Ausgewählt von Mike Szymanski

Der türkische Staatspräsident Recep Tayyip Erdoğan hat sich nach der Niederlage seiner AKP bei der Parlamentswahl am vergangenen Wochenende rargemacht. So richtig vermisst wird er deshalb noch nicht. Die vor allem bei den Kemalisten beliebte Oppositionszeitung Sözcü titelte am Donnerstag: "Wie wohltuend, diese Stille!" Das Volk sei abhängig von Erdoğan gewesen wie von Zigaretten. Jetzt sei es Zeit, sich zu entwöhnen und gesund zu werden. "Dann werden wir schon sehen!"

Eine Türkei ohne Erdoğan? Dafür ist es vielleicht noch ein bisschen früh. Zwar hat seine Partei am Sonntag neun Prozentpunkte eingebüßt und kann erstmals seit 2002 nicht mehr alleine regieren. Aber 41 Prozent der Wahlberechtigten gaben ihr immerhin noch die Stimme. Die AKP ist weiterhin eine Macht im Land. Die regierungsnahe Zeitung Yeni Şafak hat trotzdem Mühe, sich an die neue Situation zu gewöhnen. Kolumnist Hayrettin Karaman beschimpft die AKP-Gegner: "Ihr habt die Regierung zum Einsturz gebracht. Jetzt baut sie erst mal wieder auf!"

Geht es nach Güray Öz, Kolumnist der linksliberalen Cumhuriyet, dann geschieht das womöglich ohne AKP. Er macht darauf aufmerksam, dass Erdoğans Partei den Staatsapparat beherrscht und "bis in die Kapillargefäße" ihren Einfluss ausübt. "Wenn jetzt keine radikalen Änderungen kommen, wird sich nichts ändern", schreibt er. Bei der Wahl am Sonntag sei nur der Anfang gemacht worden, Erdoğans Allmacht zu brechen.

Dass die Cumhuriyet daran vitales Interesse hat, ist wenig verwunderlich. Erdoğan hat wenige Tage vor der Abstimmung die Zeitung bedroht. Für ihre kritische Berichterstattung über angebliche Waffentransporte in die syrische Kampfzone würden die Verantwortlichen eine hohen Preis zahlen. Gegen den Chefredakteur der Zeitung wurden kurz darauf Ermittlungen eingeleitet. Einschüchtern ließ sich das Blatt trotzdem nicht.

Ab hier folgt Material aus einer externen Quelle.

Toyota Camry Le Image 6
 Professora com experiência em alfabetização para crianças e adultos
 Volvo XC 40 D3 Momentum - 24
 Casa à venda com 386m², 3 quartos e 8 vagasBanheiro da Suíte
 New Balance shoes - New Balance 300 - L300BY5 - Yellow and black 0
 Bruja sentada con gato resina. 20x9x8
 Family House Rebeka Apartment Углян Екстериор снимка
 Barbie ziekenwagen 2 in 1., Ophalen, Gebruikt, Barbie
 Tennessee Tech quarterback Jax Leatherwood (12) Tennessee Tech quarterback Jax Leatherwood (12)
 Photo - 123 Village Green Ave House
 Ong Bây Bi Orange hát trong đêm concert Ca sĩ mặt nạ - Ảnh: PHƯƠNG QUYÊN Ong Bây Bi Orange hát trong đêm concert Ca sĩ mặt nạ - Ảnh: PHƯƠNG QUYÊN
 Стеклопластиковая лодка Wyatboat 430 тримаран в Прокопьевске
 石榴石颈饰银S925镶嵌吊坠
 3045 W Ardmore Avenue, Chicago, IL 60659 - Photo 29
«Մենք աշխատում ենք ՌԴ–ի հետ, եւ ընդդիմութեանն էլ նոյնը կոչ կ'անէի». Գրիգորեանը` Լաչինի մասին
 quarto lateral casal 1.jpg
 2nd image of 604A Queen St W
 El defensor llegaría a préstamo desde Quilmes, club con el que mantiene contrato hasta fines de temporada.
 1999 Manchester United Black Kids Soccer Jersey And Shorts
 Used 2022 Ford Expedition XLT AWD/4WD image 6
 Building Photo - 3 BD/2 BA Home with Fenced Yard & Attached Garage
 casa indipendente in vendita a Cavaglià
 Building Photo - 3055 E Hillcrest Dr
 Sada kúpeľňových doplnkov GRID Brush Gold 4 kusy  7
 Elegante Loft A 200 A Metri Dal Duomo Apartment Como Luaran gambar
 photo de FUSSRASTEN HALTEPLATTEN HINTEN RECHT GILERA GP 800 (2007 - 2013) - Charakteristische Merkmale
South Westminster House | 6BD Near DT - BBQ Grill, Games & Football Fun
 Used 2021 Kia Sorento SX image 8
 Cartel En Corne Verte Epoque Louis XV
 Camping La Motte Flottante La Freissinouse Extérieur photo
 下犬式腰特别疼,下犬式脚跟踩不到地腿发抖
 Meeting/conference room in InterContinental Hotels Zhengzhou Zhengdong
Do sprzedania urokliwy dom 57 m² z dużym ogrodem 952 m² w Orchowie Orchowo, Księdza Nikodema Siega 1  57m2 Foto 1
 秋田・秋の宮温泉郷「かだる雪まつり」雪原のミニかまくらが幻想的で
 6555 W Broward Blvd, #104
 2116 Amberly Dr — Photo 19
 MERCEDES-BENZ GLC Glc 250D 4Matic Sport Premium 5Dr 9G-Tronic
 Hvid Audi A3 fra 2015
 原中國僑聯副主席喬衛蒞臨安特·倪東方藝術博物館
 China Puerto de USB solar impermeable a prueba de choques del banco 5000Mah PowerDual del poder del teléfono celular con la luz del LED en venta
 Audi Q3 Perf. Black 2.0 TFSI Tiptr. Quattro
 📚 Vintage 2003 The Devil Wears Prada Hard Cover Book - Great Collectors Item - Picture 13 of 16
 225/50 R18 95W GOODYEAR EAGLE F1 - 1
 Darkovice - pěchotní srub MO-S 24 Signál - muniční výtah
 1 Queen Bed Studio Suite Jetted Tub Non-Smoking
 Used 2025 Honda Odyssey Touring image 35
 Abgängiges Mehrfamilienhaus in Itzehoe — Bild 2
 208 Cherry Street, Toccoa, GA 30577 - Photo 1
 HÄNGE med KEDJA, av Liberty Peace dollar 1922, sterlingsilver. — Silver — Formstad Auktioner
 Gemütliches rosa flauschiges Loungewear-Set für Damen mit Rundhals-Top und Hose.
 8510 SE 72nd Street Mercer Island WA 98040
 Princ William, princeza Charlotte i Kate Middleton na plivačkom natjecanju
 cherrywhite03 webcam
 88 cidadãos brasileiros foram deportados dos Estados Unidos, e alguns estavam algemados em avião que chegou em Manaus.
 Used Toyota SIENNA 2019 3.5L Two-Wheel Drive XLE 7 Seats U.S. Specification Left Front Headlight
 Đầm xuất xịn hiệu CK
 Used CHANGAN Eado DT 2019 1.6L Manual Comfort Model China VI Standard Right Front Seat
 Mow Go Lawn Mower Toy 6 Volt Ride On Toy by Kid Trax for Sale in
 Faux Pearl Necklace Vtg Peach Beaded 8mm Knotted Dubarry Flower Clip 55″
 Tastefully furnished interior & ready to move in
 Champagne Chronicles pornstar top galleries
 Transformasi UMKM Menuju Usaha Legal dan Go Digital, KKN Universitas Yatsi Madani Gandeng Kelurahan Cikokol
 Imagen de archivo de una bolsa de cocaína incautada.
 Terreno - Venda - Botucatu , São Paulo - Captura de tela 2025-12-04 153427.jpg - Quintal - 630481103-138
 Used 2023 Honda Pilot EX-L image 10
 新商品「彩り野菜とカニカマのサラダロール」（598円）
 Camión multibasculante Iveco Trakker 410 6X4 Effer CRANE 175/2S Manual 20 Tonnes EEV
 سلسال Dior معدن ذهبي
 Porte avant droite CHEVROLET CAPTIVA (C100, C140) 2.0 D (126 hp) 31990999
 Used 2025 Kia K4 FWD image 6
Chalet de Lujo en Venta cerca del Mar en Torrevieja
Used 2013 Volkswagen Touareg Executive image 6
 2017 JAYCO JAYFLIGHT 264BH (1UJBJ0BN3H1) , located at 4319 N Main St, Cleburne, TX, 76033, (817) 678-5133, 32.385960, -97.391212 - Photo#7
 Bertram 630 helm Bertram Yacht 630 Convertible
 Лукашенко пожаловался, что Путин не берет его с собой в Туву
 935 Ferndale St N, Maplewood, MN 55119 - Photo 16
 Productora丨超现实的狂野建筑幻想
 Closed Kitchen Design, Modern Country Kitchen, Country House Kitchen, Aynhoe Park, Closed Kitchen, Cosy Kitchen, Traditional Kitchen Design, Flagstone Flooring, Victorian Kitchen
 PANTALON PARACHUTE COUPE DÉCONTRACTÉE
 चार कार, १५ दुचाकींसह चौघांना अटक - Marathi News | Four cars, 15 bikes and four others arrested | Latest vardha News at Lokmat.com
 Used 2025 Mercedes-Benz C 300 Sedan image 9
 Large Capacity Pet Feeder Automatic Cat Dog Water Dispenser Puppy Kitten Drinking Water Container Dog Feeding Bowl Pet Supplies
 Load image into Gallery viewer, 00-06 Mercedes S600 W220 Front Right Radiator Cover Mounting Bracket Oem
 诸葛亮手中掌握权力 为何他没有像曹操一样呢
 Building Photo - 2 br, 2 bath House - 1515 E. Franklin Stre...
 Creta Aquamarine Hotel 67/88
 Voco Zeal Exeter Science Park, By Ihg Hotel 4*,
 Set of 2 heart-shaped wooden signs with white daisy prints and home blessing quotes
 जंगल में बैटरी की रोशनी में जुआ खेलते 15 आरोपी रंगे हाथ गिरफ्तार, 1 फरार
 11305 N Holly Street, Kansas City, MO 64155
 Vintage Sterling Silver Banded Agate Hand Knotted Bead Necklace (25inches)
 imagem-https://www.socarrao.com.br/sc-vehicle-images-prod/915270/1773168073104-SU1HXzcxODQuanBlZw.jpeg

Für Cengiz Çandar, Kolumnist der regierungskritischen Internet-Zeitung Radikal geht nach Wochen der Drohungen und Dauerbeschallung durch Erdoğan und Regierungschef Ahmet Davutoğlu in der Türkei ein "Totalitarismus-Albtraum" zu Ende. Ayşe Arman, Kommentatorin der Hürriyet, sieht in dem Ausgang einen späten Erfolg der Gezi-Proteste. 2013 hatte Erdoğan die Bürger seines Landes in einem Streit um die Zukunft des Istanbuler Gezi-Parks herausgefordert, es kam zu tagelangen Unruhen. "Damals war es die Jugend, die sich gegen Erdoğan aufgelehnt hat. Diesmal war es das ganze türkische Volk, das gesagt hat: Komm' zu dir!" Nun freut sich die Autorin auf einen schönen Sommer. "Trotz dieser erstickenden Atmosphäre hat der Juni gut angefangen."

Cumhuriyet-Kolumnist Güray Öz denkt auch an Gezi zurück. Aus seiner Sicht habe vor allem Selahattin Dermitaş, der Vorsitzende der pro-kurdischen HDP, den "Geist von Gezi" verstanden. Seine Partei sorgte mit aus dem Stand heraus 13 Prozent der Stimmen für eine Sensation bei dieser Wahl. "Sie ist bunt wie ein Regenbogen", schreibt Öz über die Partei, die als regierungskritische Basisbewegung im Wahlkampf aufgetreten war und die Parteilandschaft des Landes stark verändern wird. Die konservative Zeitung Habertürk fragt sich, was nun kommt. Die Regierungsbildung gestaltet sich schwierig, alle Oppositionsparteien zieren sich, mit der AKP zusammenzugehen. "Neuwahlen, na los!" - für Muharrem Sarıkaya ist das kein Ausweg. "Wer weiß, was die AKP dann für eine Überraschung erlebt." Auch die HDP könne sich nicht sicher sein, wieder auf 13 Prozent der Stimmen zu kommen. Noch ist alles offen in dem Land, in dem die Machtverhältnisse als zementiert galten.